#### WHAT IS BEING ASKED:
Range to output from the entries below: the line containing "Biết gì chưa" through the line containing "Marina Blu Rooms". Set it down exactly, ends included, nothing else.

[Start of section]

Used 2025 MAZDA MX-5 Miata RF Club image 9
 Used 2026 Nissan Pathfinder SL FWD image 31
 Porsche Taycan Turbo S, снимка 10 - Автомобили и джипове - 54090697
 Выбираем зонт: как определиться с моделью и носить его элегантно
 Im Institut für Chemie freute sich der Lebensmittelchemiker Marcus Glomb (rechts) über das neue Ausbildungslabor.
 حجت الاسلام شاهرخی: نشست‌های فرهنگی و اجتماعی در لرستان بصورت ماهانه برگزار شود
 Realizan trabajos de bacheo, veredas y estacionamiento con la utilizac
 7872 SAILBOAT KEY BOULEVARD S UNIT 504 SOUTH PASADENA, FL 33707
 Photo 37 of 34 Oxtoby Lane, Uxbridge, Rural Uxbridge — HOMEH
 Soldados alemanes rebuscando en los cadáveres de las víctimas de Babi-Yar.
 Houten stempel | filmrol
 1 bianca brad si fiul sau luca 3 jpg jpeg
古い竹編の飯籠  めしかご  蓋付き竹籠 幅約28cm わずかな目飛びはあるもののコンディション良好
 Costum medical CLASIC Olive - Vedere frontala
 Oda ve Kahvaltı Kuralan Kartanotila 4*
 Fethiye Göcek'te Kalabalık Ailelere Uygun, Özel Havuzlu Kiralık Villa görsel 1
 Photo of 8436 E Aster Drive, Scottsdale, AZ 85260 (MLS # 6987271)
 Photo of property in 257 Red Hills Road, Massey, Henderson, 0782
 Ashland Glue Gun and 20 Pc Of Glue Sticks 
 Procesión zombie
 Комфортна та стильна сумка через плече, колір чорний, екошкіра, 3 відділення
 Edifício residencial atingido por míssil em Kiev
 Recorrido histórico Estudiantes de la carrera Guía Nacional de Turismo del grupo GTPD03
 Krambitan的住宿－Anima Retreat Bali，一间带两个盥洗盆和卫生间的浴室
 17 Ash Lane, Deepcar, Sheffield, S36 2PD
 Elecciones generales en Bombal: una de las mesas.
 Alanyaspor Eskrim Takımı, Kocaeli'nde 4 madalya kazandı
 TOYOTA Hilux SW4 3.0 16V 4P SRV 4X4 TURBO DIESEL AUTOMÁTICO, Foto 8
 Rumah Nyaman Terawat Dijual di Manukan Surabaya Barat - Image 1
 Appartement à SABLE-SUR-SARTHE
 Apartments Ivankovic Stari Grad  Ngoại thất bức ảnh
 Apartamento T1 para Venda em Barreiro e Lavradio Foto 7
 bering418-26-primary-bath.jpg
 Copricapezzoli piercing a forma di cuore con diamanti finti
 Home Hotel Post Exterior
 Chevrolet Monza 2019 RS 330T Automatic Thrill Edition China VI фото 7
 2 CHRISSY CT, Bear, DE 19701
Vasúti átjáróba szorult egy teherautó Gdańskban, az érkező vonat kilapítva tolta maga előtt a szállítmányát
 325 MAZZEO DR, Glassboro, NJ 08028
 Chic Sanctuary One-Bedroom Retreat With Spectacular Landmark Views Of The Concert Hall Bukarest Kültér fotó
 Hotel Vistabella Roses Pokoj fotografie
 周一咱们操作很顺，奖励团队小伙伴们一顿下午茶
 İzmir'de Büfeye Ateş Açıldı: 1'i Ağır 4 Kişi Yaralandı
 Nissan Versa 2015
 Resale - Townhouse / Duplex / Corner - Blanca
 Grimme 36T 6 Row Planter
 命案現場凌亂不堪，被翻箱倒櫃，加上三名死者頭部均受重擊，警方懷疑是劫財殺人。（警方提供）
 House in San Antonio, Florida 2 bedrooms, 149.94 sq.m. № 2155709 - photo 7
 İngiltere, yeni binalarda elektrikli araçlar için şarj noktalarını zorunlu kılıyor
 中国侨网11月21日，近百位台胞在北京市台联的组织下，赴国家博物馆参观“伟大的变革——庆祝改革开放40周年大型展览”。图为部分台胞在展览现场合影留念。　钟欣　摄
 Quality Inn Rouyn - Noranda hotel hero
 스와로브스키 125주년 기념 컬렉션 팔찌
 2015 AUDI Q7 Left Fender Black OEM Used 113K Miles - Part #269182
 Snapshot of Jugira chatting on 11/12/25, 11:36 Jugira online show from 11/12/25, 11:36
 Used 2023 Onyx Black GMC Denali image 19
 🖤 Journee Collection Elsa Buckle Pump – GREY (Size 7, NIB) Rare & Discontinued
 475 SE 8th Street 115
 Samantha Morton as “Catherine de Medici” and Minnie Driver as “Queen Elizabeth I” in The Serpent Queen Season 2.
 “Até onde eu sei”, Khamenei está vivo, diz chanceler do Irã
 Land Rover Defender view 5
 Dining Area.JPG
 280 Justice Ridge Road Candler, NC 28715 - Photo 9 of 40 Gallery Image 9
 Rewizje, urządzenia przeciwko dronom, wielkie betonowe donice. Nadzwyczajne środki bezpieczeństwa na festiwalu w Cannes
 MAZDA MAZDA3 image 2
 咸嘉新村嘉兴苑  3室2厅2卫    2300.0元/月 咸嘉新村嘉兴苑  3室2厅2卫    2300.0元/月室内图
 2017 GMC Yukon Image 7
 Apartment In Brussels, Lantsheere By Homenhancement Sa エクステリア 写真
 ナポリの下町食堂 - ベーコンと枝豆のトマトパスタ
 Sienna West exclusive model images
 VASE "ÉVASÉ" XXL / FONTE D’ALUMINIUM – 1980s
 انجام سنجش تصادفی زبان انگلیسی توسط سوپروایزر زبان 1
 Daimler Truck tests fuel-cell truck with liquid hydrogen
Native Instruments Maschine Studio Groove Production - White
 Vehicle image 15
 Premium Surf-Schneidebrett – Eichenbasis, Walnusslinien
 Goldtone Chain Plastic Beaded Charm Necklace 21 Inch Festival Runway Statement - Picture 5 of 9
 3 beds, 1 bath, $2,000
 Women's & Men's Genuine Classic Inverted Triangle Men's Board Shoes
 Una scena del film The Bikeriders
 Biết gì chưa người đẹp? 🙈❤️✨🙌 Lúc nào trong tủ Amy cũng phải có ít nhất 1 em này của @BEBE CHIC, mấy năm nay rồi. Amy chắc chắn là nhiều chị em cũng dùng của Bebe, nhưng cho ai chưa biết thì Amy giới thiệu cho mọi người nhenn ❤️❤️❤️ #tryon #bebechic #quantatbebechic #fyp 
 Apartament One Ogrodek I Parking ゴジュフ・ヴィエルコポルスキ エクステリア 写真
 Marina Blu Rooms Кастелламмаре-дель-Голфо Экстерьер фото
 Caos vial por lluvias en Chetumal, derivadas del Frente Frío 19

[End of section]

#### ANSWER SPACE:
 Biết gì chưa người đẹp? 🙈❤️✨🙌 Lúc nào trong tủ Amy cũng phải có ít nhất 1 em này của @BEBE CHIC, mấy năm nay rồi. Amy chắc chắn là nhiều chị em cũng dùng của Bebe, nhưng cho ai chưa biết thì Amy giới thiệu cho mọi người nhenn ❤️❤️❤️ #tryon #bebechic #quantatbebechic #fyp 
 Apartament One Ogrodek I Parking ゴジュフ・ヴィエルコポルスキ エクステリア 写真
 Marina Blu Rooms Кастелламмаре-дель-Голфо Экстерьер фото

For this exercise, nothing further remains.